Batch picking orders is an efficient way to reduce walking in a distribution center. Piece sorters (tilt tray, cross belt, bombay) allow maximizing the number of orders to pick as a batch. Unfortunately, piece sorters are very expensive devices. The larger the number of orders to batch with a piece sorter, the longer the sorter has to be, and the more expensive it gets.

Double sortation is an approach that allows piece sorters to increase the number of orders to batch without requiring the single sortation length.

### Conventional Double Sort Process

Sorter prices have a strong linear dependency on the sorter length. The chute section of a sorter is normally its longest section.

In a conventional single sort process, a sorter chute is required for each order in the batch to pick. A system designed for 1,000-order batches needs to have 1,000 chutes. At 3 ft. of sorter for each couple of chutes, the chute section of the sorter is 1,500 ft. long.

If a double sort process were used items are first sorted into waves and the then each wave is sorted into orders. The total number of sorter destinations could be reduced to as few as 68: 34 for the initial wave sort and 34 for the secondary order sort. There are other configurations of sorter destinations; however, the closer the primary and secondary sorts have equal number of destinations the fewer total sorter destinations are required.

Let us consider a system for 10 waves of 100 orders each, not as optimum as the one with the 34/34 configuration, but easier to visualize. The sorter needs 100 order chutes and 10 wave chutes. If wave chutes were 5 ft. of sorter for each couple of chutes, the chute section of the sorter would be only 175 ft. So, for the same number of orders to pick as a batch, the required chute section of the sorter using double sortation is less than 12% of the chute section using single sortation.

Normally the 1,000 orders are picked together are called a pick wave, their section of the sorter is called wave sorter. The 100 orders sorted together by the presort process are called a pack wave and their sorter section is called order sorter.
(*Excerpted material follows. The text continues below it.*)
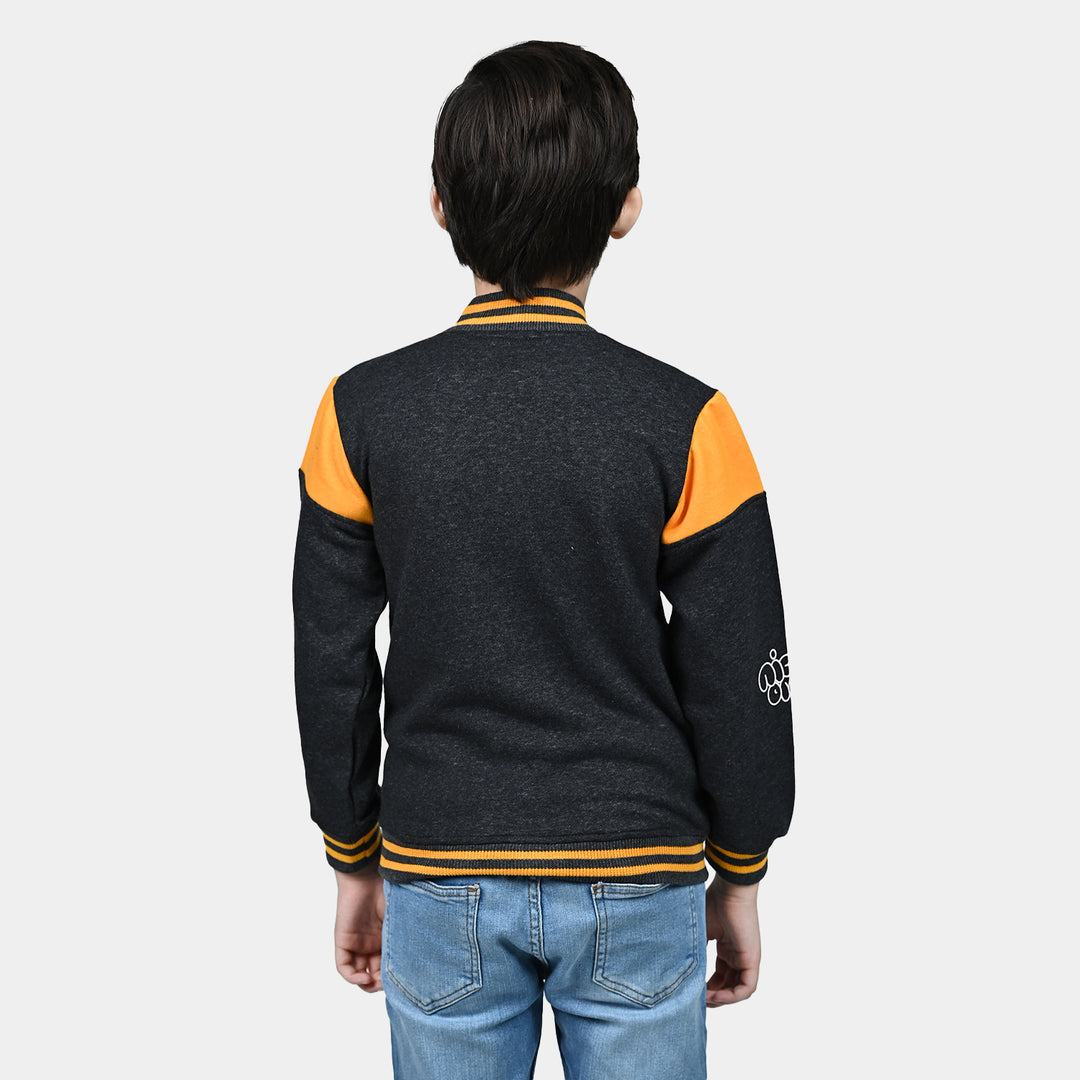 Boys Fleece Knitted Jacket Nice One 93-CHARCOAL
The extra handling of items required in a double sort process is easily justified with the savings on the sorter cost. However, the number of waves to process is rather large. In a traditional sorter process with static waves (next wave does not start until previous wave is fully completed) the inefficient wave transition periods can add up to large reductions in capacity and productivity with long periods of empty trays and idle inductors. What’s more, the transition period is largely independent of the actual size of the pick wave. Small pick waves take nearly the same time to finish the final few units, as do large pick waves.

### Continuous Double Sort Process

The ideal solution for wave transition issues is a waveless process. Instead of static pick waves, the system can keep adding dynamically batches of 100 orders to the pickers’ tasks as wave sorter chutes are completing. The new orders are sorted to the chute that just completed. Pickers and inductors do not need to wait at the end of a pick wave for the next wave to start. The long periods with empty sorter trays are eliminated. Picking batches are larger as pickers are continuously picking for 1,000 orders. Utilizing the idle times of the sorter and the workers can increase capacity/productivity by up to 30%.
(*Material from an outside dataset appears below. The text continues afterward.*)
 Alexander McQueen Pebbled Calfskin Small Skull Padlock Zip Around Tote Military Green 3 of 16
Real-time RF-directed picking is the best scenario for implementing waveless picking processes. In applications that require labeling of the sorted items, RF picking is still feasible if the label can be done at the packing stations.

### Quasi-Continuous Double Sort Process

Due to labeling requirements, some applications do not allow the implementation of a complete waveless process. However, if label generation is dynamic and is printed at multiple stations along the pick path and completed pick assignments can be dropped off at these points a quasi-continuous waveless process is possible.

Some operations may require well defined pick waves and dynamically created pack waves are not an option. Such operations can also have continuous waveless presort operations by utilizing only half of the wave sorter destinations for each pick wave. Wave sort uses alternate destinations every other pick wave. The negative effect of this approach is the reduction of the pick wave size by half. Often, people try to alleviate this disadvantage using more than half of the chutes, hoping that some of them will be completed by the start of the next wave. The mathematics of probability quickly dispels any such hope.

In most operations there is flexibility regarding specifically what orders go to each pack wave. Taking advantage of software that supports dynamic chute allocation, it is possible to create a continuous presort operation where there are no wave transition periods and where pick waves actually have a proportionally longer time to complete. This technique takes advantage of the fact that not all the wave sort destinations are required from the beginning of a new pick wave.

Continuous waveless processing of the order sort process is also possible using similar techniques through the use of dynamic optimization. Double sort operations may be truly become waveless operations.

### Conclusion

Double sort processing is an excellent approach to get the benefits of large picking batches without having to pay the full price of the required sortation equipment to support it. Double sort processing can be enhanced further with software that can support non-conventional operations.